Project Summary: Writing 1

Please use the Project Summary Template introduced in Session 2: Project Scoping and post your updates here.

Working Summary as of 8/8/23:

This OER reader on the politics of language and multilingualism will serve as a sourcebook for students and teachers with texts, approaches, and activities that can be used across disciplines. We have a special focus on first-year writing courses, and with this book, we aim to move away from conventional textbooks or composition handbooks to engage students in conversations about the pressures on language learning within educational institutions and our societies more broadly. Taking up topics such as language politics, extinction and reclamation, global Englishes, code-switching, descriptive linguistics, linguistic violence, and translation, this reader will create an accessible collection of multimodal texts that can be engaged in different combinations for a range of course contexts. Alongside primary texts, we will include critical frameworks, discussion questions, and writing/revision activities that prioritize multilingualism as an academic resource. We hope that our book can help shift away from the academic culture of remediality and standardization. We are three English Studies faculty with different academic specializations and linguistic backgrounds who are writing as those who regularly seek multilingual texts to create critical conversations in our courses about language, education, and the institutionalization of both. We hope this OER reader is a resource for students and teachers at our sister institutions who are also prioritizing multilingualism in FYW, and it may have a wider reach among colleagues across disciplines such as communications, sociology, linguistics, or cultural studies.
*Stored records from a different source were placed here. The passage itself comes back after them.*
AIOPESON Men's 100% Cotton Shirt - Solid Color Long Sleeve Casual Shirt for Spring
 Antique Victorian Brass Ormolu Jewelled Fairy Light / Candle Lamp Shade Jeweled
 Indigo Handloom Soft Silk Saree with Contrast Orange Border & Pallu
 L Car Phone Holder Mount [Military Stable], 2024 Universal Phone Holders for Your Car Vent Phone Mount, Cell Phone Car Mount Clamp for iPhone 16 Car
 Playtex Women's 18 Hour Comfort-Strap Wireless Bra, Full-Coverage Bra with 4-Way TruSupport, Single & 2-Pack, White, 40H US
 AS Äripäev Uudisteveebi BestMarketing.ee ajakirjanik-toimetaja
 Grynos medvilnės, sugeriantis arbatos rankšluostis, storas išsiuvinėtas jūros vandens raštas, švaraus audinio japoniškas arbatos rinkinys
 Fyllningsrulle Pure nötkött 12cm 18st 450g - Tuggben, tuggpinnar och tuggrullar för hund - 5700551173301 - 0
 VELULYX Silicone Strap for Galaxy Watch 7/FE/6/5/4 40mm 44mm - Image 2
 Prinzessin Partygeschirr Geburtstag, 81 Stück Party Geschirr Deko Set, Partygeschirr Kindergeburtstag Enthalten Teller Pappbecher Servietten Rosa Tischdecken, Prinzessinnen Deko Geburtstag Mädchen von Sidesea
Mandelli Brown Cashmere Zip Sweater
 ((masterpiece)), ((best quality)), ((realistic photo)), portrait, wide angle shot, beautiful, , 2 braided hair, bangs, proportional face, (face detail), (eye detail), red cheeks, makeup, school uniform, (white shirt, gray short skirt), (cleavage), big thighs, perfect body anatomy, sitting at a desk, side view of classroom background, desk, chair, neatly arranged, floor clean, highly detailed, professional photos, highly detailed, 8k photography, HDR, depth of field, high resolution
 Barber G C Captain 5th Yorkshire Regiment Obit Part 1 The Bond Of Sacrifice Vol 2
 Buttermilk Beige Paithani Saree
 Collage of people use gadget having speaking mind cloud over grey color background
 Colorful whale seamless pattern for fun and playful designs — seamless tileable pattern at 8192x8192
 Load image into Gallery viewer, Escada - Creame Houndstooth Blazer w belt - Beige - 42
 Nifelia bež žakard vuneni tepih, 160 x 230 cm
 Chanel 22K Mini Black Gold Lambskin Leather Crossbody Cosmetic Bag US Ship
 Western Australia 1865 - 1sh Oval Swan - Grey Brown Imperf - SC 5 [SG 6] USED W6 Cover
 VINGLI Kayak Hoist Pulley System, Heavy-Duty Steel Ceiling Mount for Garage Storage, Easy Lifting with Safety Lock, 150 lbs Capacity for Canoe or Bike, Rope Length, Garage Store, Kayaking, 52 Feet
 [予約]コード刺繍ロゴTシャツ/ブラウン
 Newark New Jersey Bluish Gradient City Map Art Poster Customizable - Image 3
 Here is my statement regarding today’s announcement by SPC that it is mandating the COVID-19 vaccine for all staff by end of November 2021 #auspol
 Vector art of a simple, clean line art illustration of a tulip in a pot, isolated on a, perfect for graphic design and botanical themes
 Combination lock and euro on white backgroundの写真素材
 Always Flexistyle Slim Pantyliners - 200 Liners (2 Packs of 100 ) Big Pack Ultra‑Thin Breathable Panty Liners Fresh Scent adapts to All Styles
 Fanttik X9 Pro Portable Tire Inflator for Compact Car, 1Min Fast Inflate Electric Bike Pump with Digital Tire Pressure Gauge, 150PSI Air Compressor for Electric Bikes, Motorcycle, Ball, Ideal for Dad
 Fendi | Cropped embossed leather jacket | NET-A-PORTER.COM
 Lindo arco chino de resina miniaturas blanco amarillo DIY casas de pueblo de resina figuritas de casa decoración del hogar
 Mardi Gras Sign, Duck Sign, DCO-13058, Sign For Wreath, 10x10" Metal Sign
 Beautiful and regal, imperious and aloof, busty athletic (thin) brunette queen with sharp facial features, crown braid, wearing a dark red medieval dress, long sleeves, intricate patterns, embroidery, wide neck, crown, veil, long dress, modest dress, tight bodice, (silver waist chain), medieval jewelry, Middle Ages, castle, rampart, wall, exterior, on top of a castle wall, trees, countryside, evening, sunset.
Course and Audience (draft as of 8/8/23):

This OER is designed for adoption across our first-year writing sequence which includes ENGL 0100: Basic College Writing, ENGL 1100: Writing 1, and ENGL 1200: Writing 2. Our audience is both students in these courses and instructors. We are approaching this reader and sourcebook as a tool that can be particularly impactful at an institution like Fitchburg State University that serves many first generation and working class students, prioritizes educational access, and is adapting to better serve its student populations. For first-year writing this means moving away from deficit models and remedial structures and shifting toward more inclusive frameworks including multilingual and translingual composition. Part reader, part sourcebook, we anticipate this resource being potentially valuable to instructors and researchers across composition studies working in a range of institutional contexts.